Open erixwd opened 8 months ago
--skip-torch-cuda-test
with --use-directml
Now PC crashes on generation
venv "R:\stable-diffusion-webui-directml\venv\Scripts\Python.exe"
fatal: No names found, cannot describe anything.
Python 3.10.6 (tags/v3.10.6:9c7b4bd, Aug 1 2022, 21:53:49) [MSC v.1932 64 bit (AMD64)]
Version: 1.8.0-RC
Commit hash: ce3d044680100834e862bee6fefb413bfc835ece
no module 'xformers'. Processing without...
no module 'xformers'. Processing without...
No module 'xformers'. Proceeding without it.

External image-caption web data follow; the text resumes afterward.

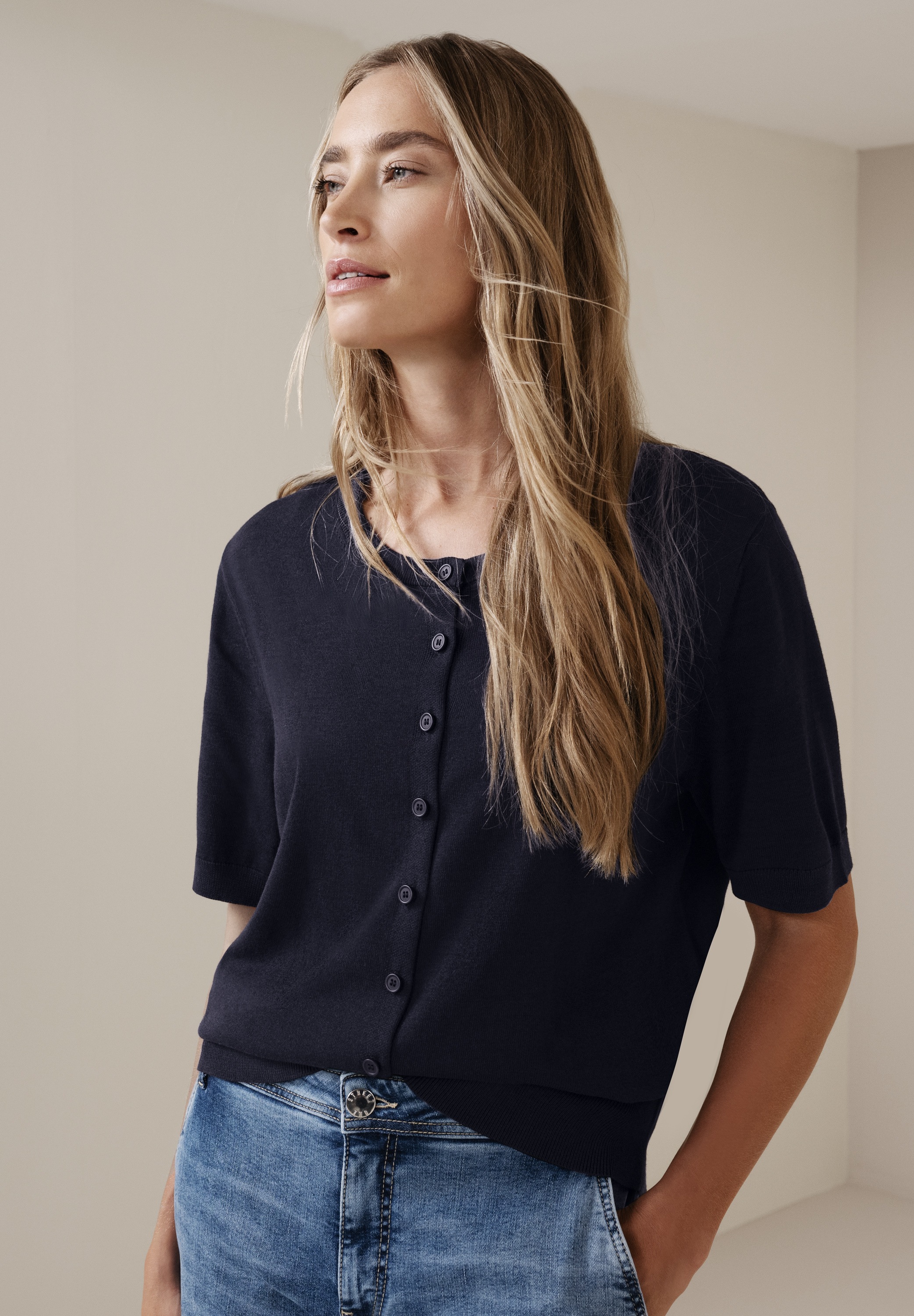 STREET ONE Cardigan Kurzarm-Cardigan mit Rundhals günstig online kaufen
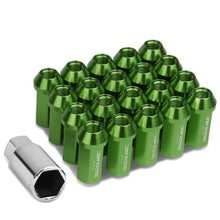 Load image into Gallery viewer, M12 x 1.25 Extended Acorn Lug Nuts 50mm Green Aluminum 20pc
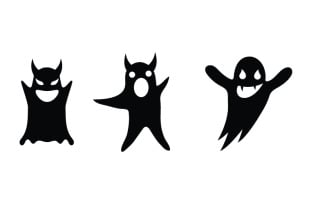 Black Cute ghost Vector icon design illustration v.9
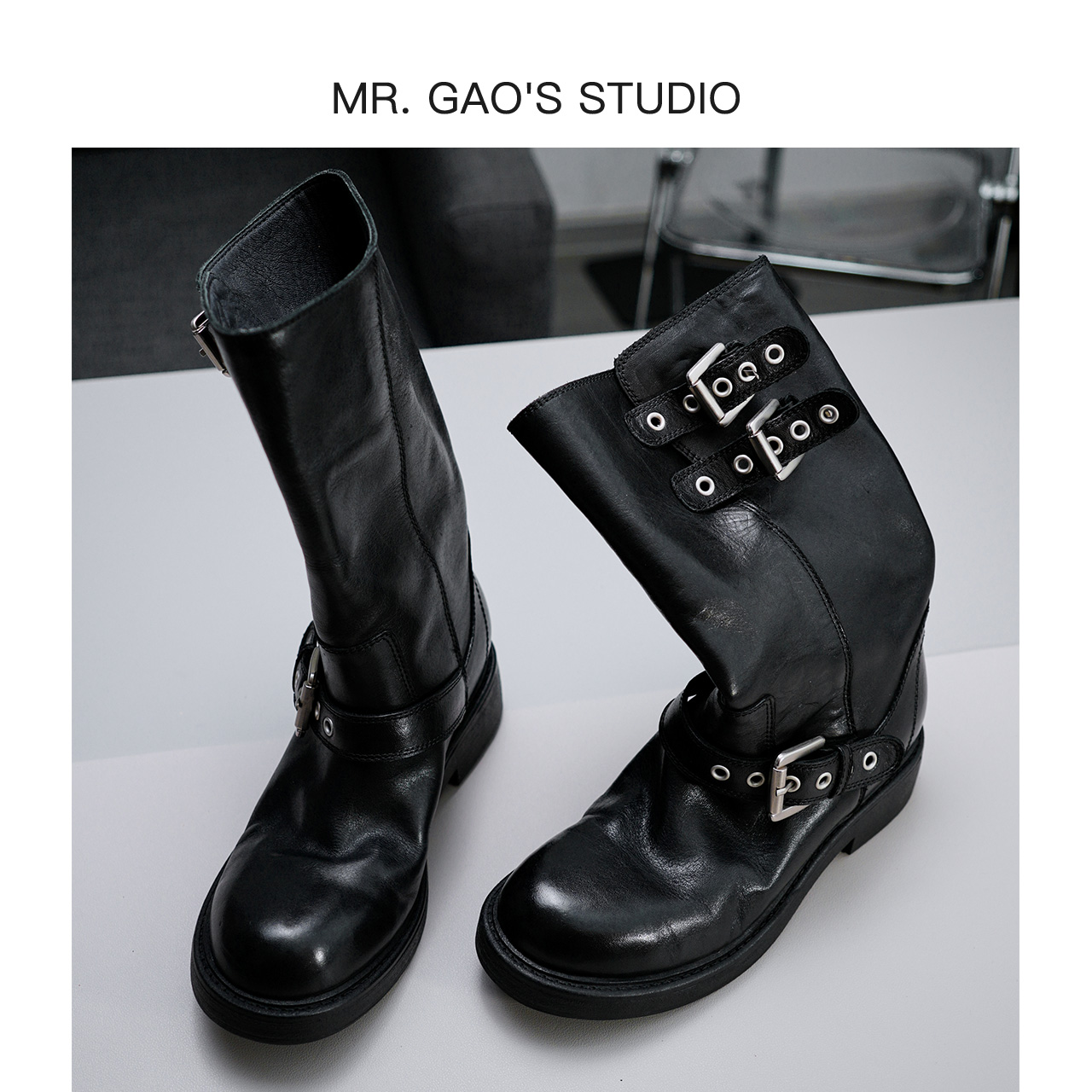 25新款高定版厚底中筒骑士靴时尚圆头单靴百搭真皮秋冬时装女靴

R:\stable-diffusion-webui-directml\venv\lib\site-packages\pytorch_lightning\utilities\distributed.py:258: LightningDeprecationWarning: `pytorch_lightning.utilities.distributed.rank_zero_only` has been deprecated in v1.8.1 and will be removed in v2.0.0. You can import it from `pytorch_lightning.utilities` instead.
rank_zero_deprecation(
Launching Web UI with arguments: --opt-sub-quad-attention --medvram --disable-nan-check --no-half --use-directml
ONNX: selected=DmlExecutionProvider, available=['DmlExecutionProvider', 'CPUExecutionProvider']
==============================================================================
You are running torch 2.0.0+cpu.
The program is tested to work with torch 2.1.2.
To reinstall the desired version, run with commandline flag --reinstall-torch.
Beware that this will cause a lot of large files to be downloaded, as well as
there are reports of issues with training tab on the latest version.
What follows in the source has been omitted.